Generative Adversarial Network (6)
CycleGAN
- pix2pix
- Self-supervised
- Loss: Minimize the difference between output $G(x)$ and ground truth $y$
- $\underset{(x,y)}{\Sigma}||y-G(x)||_1$
- Ex) 흑백 $\rightarrow$ 컬러
- GAN
- Loss: Another deep network point out the difference
- $\arg\underset{G}{\min}\underset{D}{\max}\mathbb{E}_{x,y}[\log{D(G(x))}+\log(1-D(y))]$
- $D$ tries to identify the fakes
- $G$ tries to synthesize fake images that fool $D$
- Loss: Another deep network point out the difference
- CycleGAN: 항상 pair dataset을 가지지 못하기 때문에 이용
- Loss: $G(x)$ should just look photorealistic and $F(G(x))$ should be $F(G(x))=x$, where $F$ is the inverse deep network
- $L_{GAN}(G(x),y)+||F(G(x))-x||_1$
- $L_{GAN}(F(x),y)+||G(F(x))-x||_1$
- GANs with cross-entropy loss
- $L_{GAN}(G,D_Y,X,Y)=\mathbb{E}_{y\sim p_{data}(y)}[\log{D_Y(y)}]+\mathbb{E}_{x\sim p_{data}(x)}[\log{(1-D_Y(G(x)))}]$
- Least square GANs
- $L_{LSGAN}(G,D_Y,X,Y)=\mathbb{E}_{y\sim p_{data}(y)}[(D_Y(y)-1)^2]+\mathbb{E}_{x\sim p_{data}(x)}[D_Y(G(x))^2]$
- Vanishing gradient problem 개선 $\rightarrow$ stable training, better results
- Loss: $G(x)$ should just look photorealistic and $F(G(x))$ should be $F(G(x))=x$, where $F$ is the inverse deep network
Style Transfer
- Style Transfer: 두 영상 (content image, style image)가 주어졌을 때 이미지의 주된 형태는 content image와 유사하게 유지하며 스타일만을 style image와 유사하게 변환
Content Loss
$$
L_{content}(\vec{p},\vec{x},l)=\frac{1}{2}\underset{i,j}{\Sigma}(F_{ij}^l-P_{ij}^l)^2
$$
- $\vec{p}$: content image
- $\vec{x}$: input image
- $l$: layer
- $P^l_{ij}$: the activation $i^{th}$ filter at position $j$ in layer $l$ (content image $\vec{p}$)

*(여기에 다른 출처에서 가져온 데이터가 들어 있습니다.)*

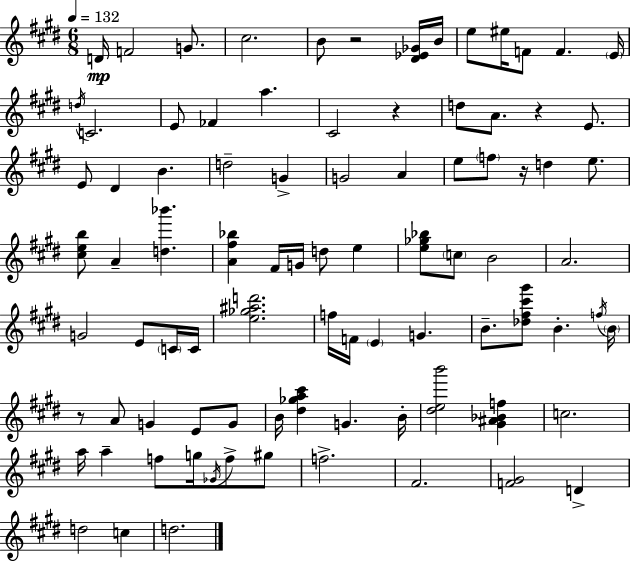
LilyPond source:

{
  \clef treble
  \numericTimeSignature
  \time 6/8
  \key e \major
  \tempo 4 = 132
  d'16\mp f'2 g'8. | cis''2. | b'8 r2 <dis' ees' ges'>16 b'16 | e''8 eis''16 f'8 f'4. \parenthesize e'16 | \break \acciaccatura { d''16 } c'2. | e'8 fes'4 a''4. | cis'2 r4 | d''8 a'8. r4 e'8. | \break e'8 dis'4 b'4. | d''2-- g'4-> | g'2 a'4 | e''8 \parenthesize f''8 r16 d''4 e''8. | \break <cis'' e'' b''>8 a'4-- <d'' bes'''>4. | <a' fis'' bes''>4 fis'16 g'16 d''8 e''4 | <e'' ges'' bes''>8 \parenthesize c''8 b'2 | a'2. | \break g'2 e'8 \parenthesize c'16 | c'16 <e'' ges'' ais'' d'''>2. | f''16 f'16 \parenthesize e'4 g'4. | b'8.-- <des'' fis'' cis''' gis'''>8 b'4.-. | \break \acciaccatura { f''16 } \parenthesize b'16 r8 a'8 g'4 e'8 | g'8 b'16 <dis'' ges'' a'' cis'''>4 g'4. | b'16-. <dis'' e'' b'''>2 <gis' ais' bes' f''>4 | c''2. | \break a''16 a''4-- f''8 g''16 \acciaccatura { ges'16 } f''8-> | gis''8 f''2.-> | fis'2. | <f' gis'>2 d'4-> | \break d''2 c''4 | d''2. | \bar "|."
} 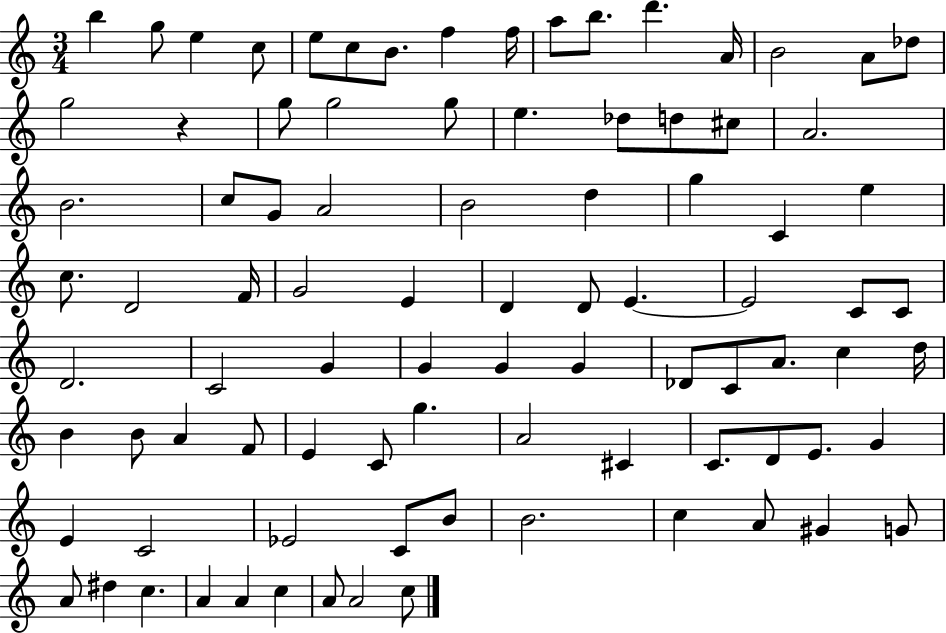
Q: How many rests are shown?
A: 1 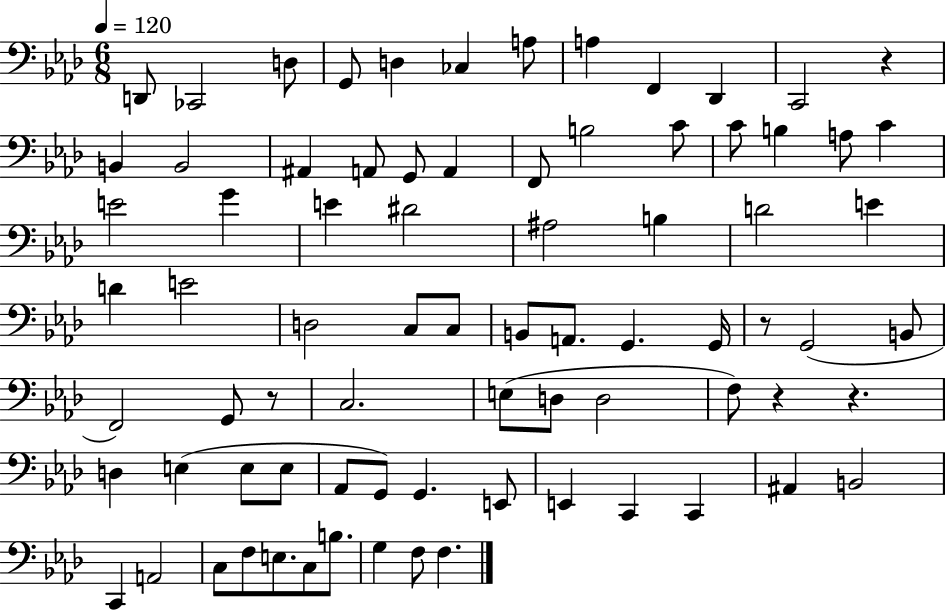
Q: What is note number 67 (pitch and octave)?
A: F3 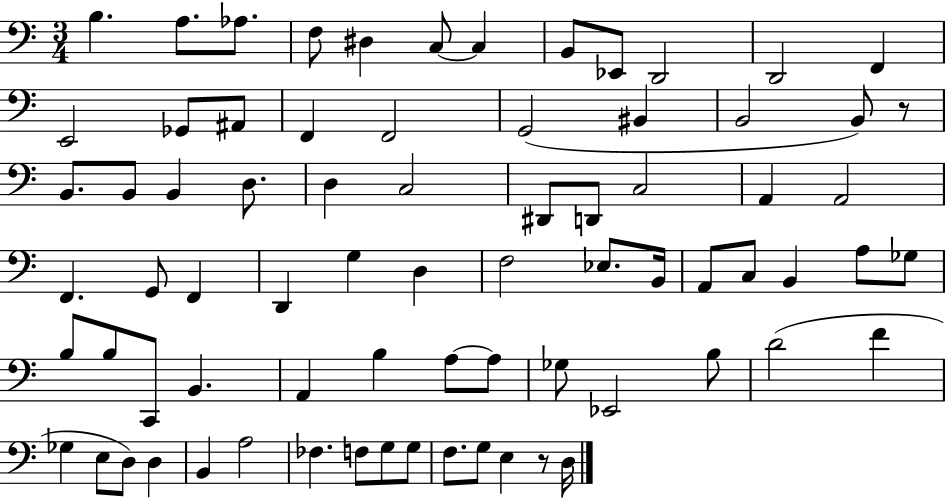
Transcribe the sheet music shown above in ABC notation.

X:1
T:Untitled
M:3/4
L:1/4
K:C
B, A,/2 _A,/2 F,/2 ^D, C,/2 C, B,,/2 _E,,/2 D,,2 D,,2 F,, E,,2 _G,,/2 ^A,,/2 F,, F,,2 G,,2 ^B,, B,,2 B,,/2 z/2 B,,/2 B,,/2 B,, D,/2 D, C,2 ^D,,/2 D,,/2 C,2 A,, A,,2 F,, G,,/2 F,, D,, G, D, F,2 _E,/2 B,,/4 A,,/2 C,/2 B,, A,/2 _G,/2 B,/2 B,/2 C,,/2 B,, A,, B, A,/2 A,/2 _G,/2 _E,,2 B,/2 D2 F _G, E,/2 D,/2 D, B,, A,2 _F, F,/2 G,/2 G,/2 F,/2 G,/2 E, z/2 D,/4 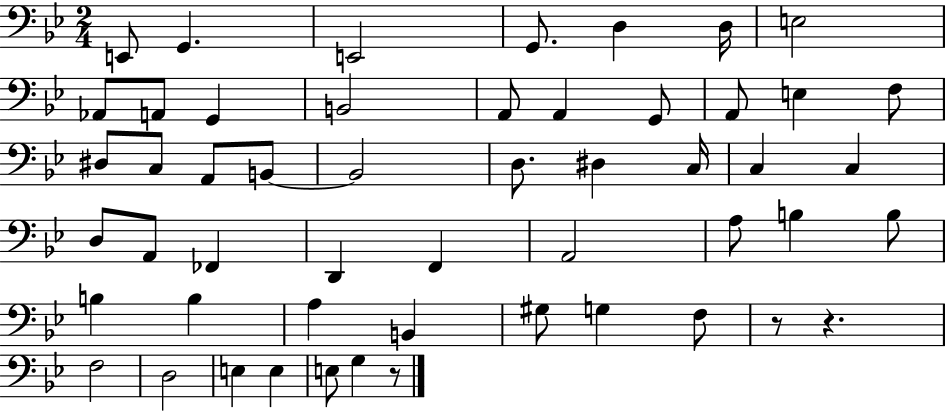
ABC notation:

X:1
T:Untitled
M:2/4
L:1/4
K:Bb
E,,/2 G,, E,,2 G,,/2 D, D,/4 E,2 _A,,/2 A,,/2 G,, B,,2 A,,/2 A,, G,,/2 A,,/2 E, F,/2 ^D,/2 C,/2 A,,/2 B,,/2 B,,2 D,/2 ^D, C,/4 C, C, D,/2 A,,/2 _F,, D,, F,, A,,2 A,/2 B, B,/2 B, B, A, B,, ^G,/2 G, F,/2 z/2 z F,2 D,2 E, E, E,/2 G, z/2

- $F^l_{ij}$: the activation $i^{th}$ filter at position $j$ in layer $l$ (input image $\vec{x}$)
Style Loss
$$
L_{style}(\vec{a},\vec{x})=\overset{L}{\underset{l=0}{\Sigma}}w_lE_l
$$
- $\vec{a}$: style image
- $A^l_{ij}$: the inner product between $F_i^l$ and $F_j^l$ in layer $l$ (style image $\vec{a}$)
- $G^l_{ij}$: the inner product between $F_i^l$ and $F_j^l$ in layer $l$ (input image $\vec{x}$)
Total Loss
$$
L_{total}(\vec{p},\vec{a},\vec{x})=\alpha L_{content}(\vec{p},\vec{x})+\beta L_{style}(\vec{a},\vec{x})
$$